RBI Announces Record Rs 2.69 Lakh Crore Dividend to Government for FY25

The decision was finalized at the meeting of the RBI’s Central Board of Directors, chaired by newly appointed Governor Sanjay Malhotra.

RBI Announces Record Rs 2.69 Lakh Crore Dividend to Government for FY25

New Delhi: In a historic move, the Reserve Bank of India (RBI) on Friday announced a record dividend payout of Rs 2.69 lakh crore to the Central Government for the financial year 2024-25, marking a significant 27.4% increase over last year’s transfer of Rs 2.1 lakh crore. This is the highest ever surplus transfer by the central bank in a single fiscal year, surpassing all previous records.

The decision was finalized at the meeting of the RBI’s Central Board of Directors, chaired by newly appointed Governor Sanjay Malhotra. The board reviewed the prevailing global and domestic economic outlook and associated risks, besides evaluating the RBI’s annual performance and financial statements for the year April 2024 to March 2025.

The 'record dividend' comes as a major fiscal boost for the Central Government, which is aiming to maintain its fiscal consolidation path while managing increased capital expenditure and social sector spending.

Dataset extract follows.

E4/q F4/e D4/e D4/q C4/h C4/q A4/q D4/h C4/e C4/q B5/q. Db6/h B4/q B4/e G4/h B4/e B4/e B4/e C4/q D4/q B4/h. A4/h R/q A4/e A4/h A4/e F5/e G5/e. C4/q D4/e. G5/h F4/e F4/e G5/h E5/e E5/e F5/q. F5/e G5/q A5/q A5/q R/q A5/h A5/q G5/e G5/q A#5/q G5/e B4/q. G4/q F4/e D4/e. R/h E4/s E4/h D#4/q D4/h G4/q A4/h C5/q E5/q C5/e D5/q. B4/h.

Revised Economic Capital Framework

The dividend amount was calculated under the revised Economic Capital Framework (ECF), which was approved by the RBI board on May 15, 2025. The ECF guides how much surplus the RBI can transfer to the government while retaining adequate reserves to safeguard against financial risks.

The framework, based on recommendations from the Bimal Jalan-led Expert Committee in 2019, originally suggested maintaining the Contingent Risk Buffer (CRB) between 5.5% to 6.5% of the RBI’s balance sheet. Under the updated framework, the CRB range was revised to 4.5% to 7.5%, providing greater flexibility.

Taking into account the current macroeconomic environment, the RBI board decided to raise the CRB to the upper limit of 7.5%, ensuring robust financial resilience while still enabling a generous surplus transfer.

Consistent Uptrend in Transfers

The RBI's dividend transfer has shown a remarkable upward trend in recent years: FY 2022-23: Rs 87,416 crore, FY 2023-24: Rs 2.1 lakh crore, FY 2024-25: Rs 2.69 lakh crore. 

This latest payout is expected to aid the government in meeting its budgetary commitments without resorting to additional market borrowing, and may also offer fiscal headroom for further economic stimulus or welfare spending.

Experts believe the RBI’s decision reflects confidence in the current financial stability and robust income generated from its operations, including gains from foreign exchange reserves and domestic investments.

With this record surplus transfer, the RBI continues to play a crucial role not only in maintaining monetary stability but also in supporting the government’s fiscal objectives.